Ao sair do quarto, encontrei Puma na cozinha. Sua postura era rígida, a expressão fechada e séria, o olhar distante. Ele estava diferente do Puma de horas atrás, que compartilhava sorrisos e toques suaves sob a manta. Agora, ele parecia revestido de uma armadura emocional, o líder frio e calculista necessário para enfrentar o que nos aguardava.

— Está pronta? — Sua voz era firme, o tom autoritário trazendo à tona o líder que ele era lá fora, em seu território.

— Sim, estou pronta. — Respondi, tentando mascarar qualquer hesitação que pudesse sentir.
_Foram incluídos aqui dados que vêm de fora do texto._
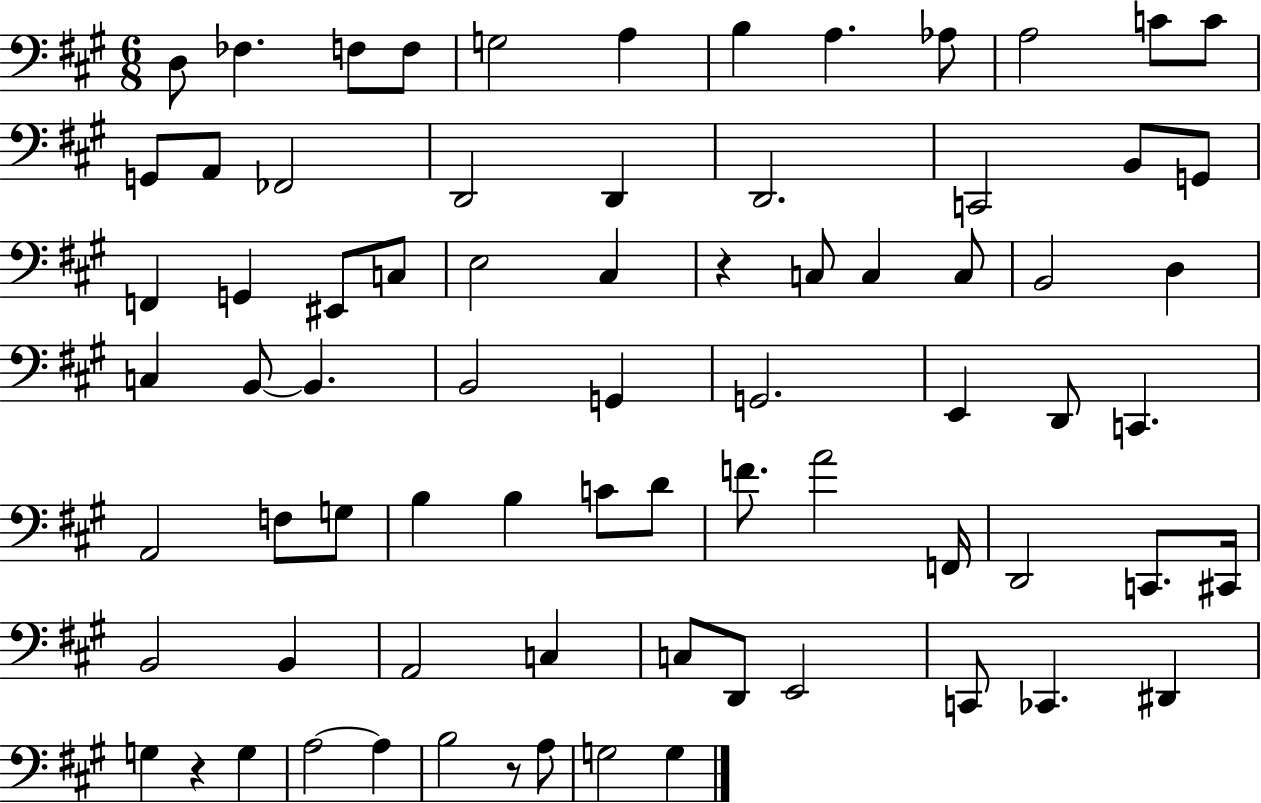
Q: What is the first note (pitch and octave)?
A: D3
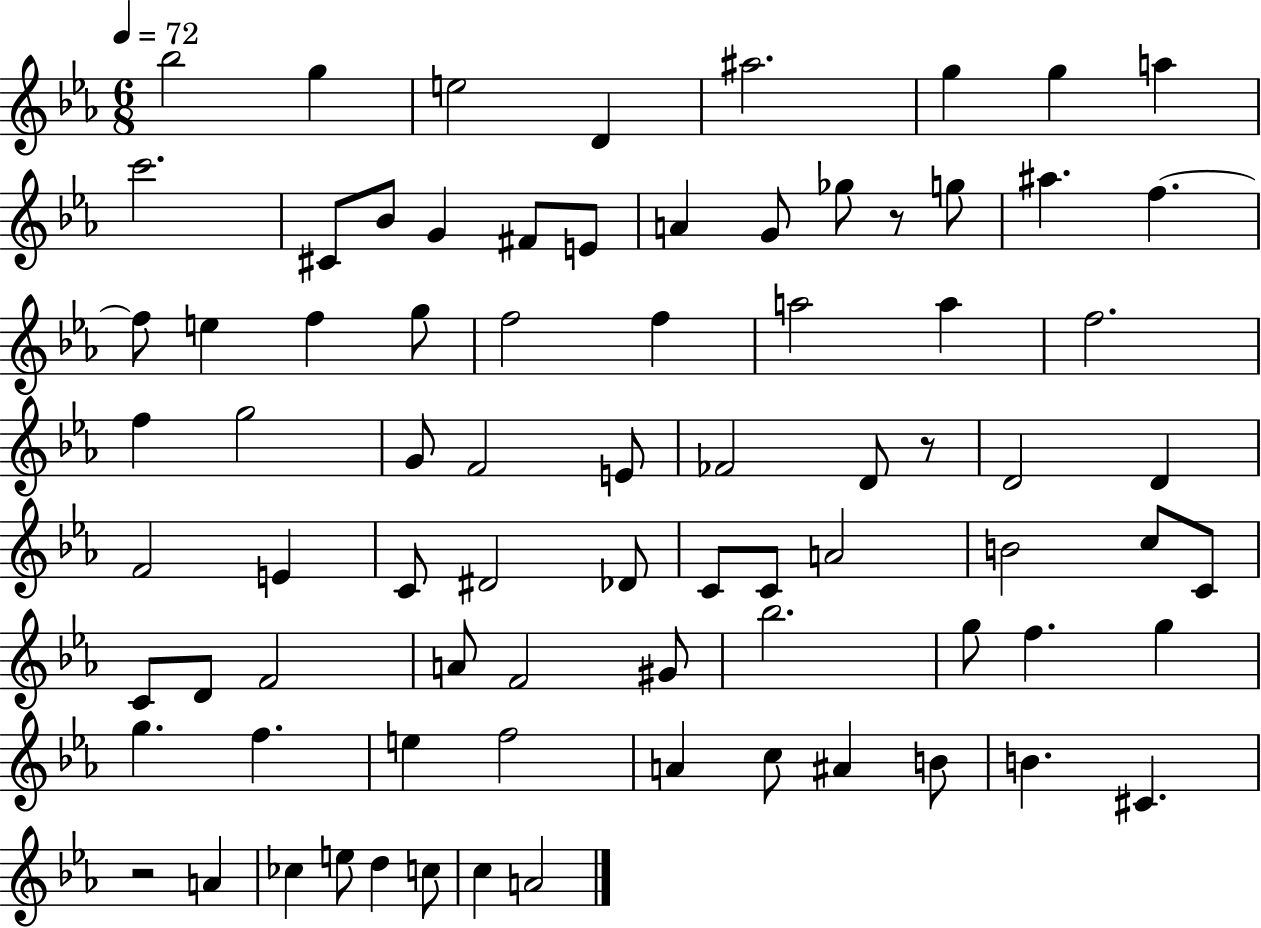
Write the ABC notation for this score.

X:1
T:Untitled
M:6/8
L:1/4
K:Eb
_b2 g e2 D ^a2 g g a c'2 ^C/2 _B/2 G ^F/2 E/2 A G/2 _g/2 z/2 g/2 ^a f f/2 e f g/2 f2 f a2 a f2 f g2 G/2 F2 E/2 _F2 D/2 z/2 D2 D F2 E C/2 ^D2 _D/2 C/2 C/2 A2 B2 c/2 C/2 C/2 D/2 F2 A/2 F2 ^G/2 _b2 g/2 f g g f e f2 A c/2 ^A B/2 B ^C z2 A _c e/2 d c/2 c A2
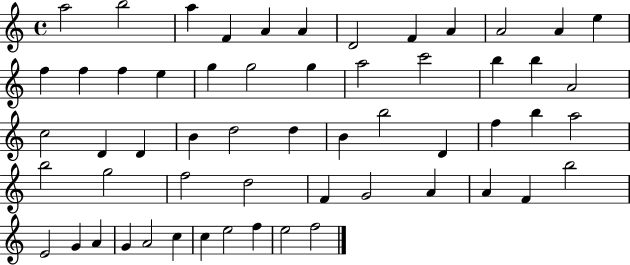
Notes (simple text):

A5/h B5/h A5/q F4/q A4/q A4/q D4/h F4/q A4/q A4/h A4/q E5/q F5/q F5/q F5/q E5/q G5/q G5/h G5/q A5/h C6/h B5/q B5/q A4/h C5/h D4/q D4/q B4/q D5/h D5/q B4/q B5/h D4/q F5/q B5/q A5/h B5/h G5/h F5/h D5/h F4/q G4/h A4/q A4/q F4/q B5/h E4/h G4/q A4/q G4/q A4/h C5/q C5/q E5/h F5/q E5/h F5/h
— Ótimo. Vamos. — Ele se virou, sem esperar uma resposta, e eu segui rapidamente atrás dele.

Ao sair, a cena diante de nós era como algo tirado de um filme de ação. O local, um sítio isolado, estava agora repleto de carros blindados e homens armados que se movimentavam com uma eficiência que só vem com a prática e a necessidade. O ar carregava uma tensão palpável, cada homem ali ciente do papel que desempenhava naquela operação meticulosamente orquestrada.

Puma caminhou em direção a um dos carros, um gesto de sua mão suficiente para que os homens se organizassem ao redor dele. Eu o segui, tentando não parecer tão deslocada quanto me sentia.

— Entre no carro. Vamos direto para a Maré. Não fale com ninguém a menos que eu diga. — Sua instrução foi dada em um tom baixo, mas claro, dirigindo-se a mim sem fazer contato visual.

— Entendido. — Afirmei, enquanto me acomodava no banco traseiro de um dos veículos blindados.

Puma entrou depois de mim, o espaço confinado do carro amplificando a distância emocional que ele colocara entre nós. Ele checava seu celular, seus dedos deslizando pela tela com uma rapidez que refletia a urgência da situação.

A viagem foi silenciosa, o único som era o ronco suave do motor e o ocasional crackle do rádio de comunicação. Puma parecia perdido em seus próprios pensamentos, o cenho franzido em concentração ou preocupação.

Eu observava o cenário mudar à medida que nos aproximávamos do Rio, a paisagem urbana começando a tomar forma. O peso do que estava por vir começava a se tornar real, e, apesar da frieza de Puma, eu sabia que ele estava tão ciente da gravidade da situação quanto eu, talvez até mais.

— Puma, — comecei, hesitante, querendo quebrar o silêncio pesado. — Tudo vai dar certo, não vai?

Ele finalmente me olhou, seus olhos encontrando os meus por um breve momento antes de voltar a olhar para frente.

— Vai sim. Só precisamos manter o foco e... — Ele parou, suspirando. — E confiar um no outro, não importa o quê.

Esse "não importa o quê" ecoou entre nós, uma promessa silenciosa de que, apesar das circunstâncias, estávamos nisso juntos. E, de alguma forma, essa era a única certeza que eu precisava.

À medida que o carro desacelerava, o ambiente ao nosso redor começava a mudar drasticamente. As estruturas densamente compactadas e a vida vibrante das ruas anunciavam que havíamos chegado à Vila do João, um lugar marcado por histórias e conflitos, onde Puma comandava com mão de ferro. O carro estacionou em frente a uma casa que reconheci imediatamente - era a mesma onde eu tinha ficado anos atrás, um lugar que, apesar de suas paredes rústicas e aparência modesta, carregava um peso de memórias profundas.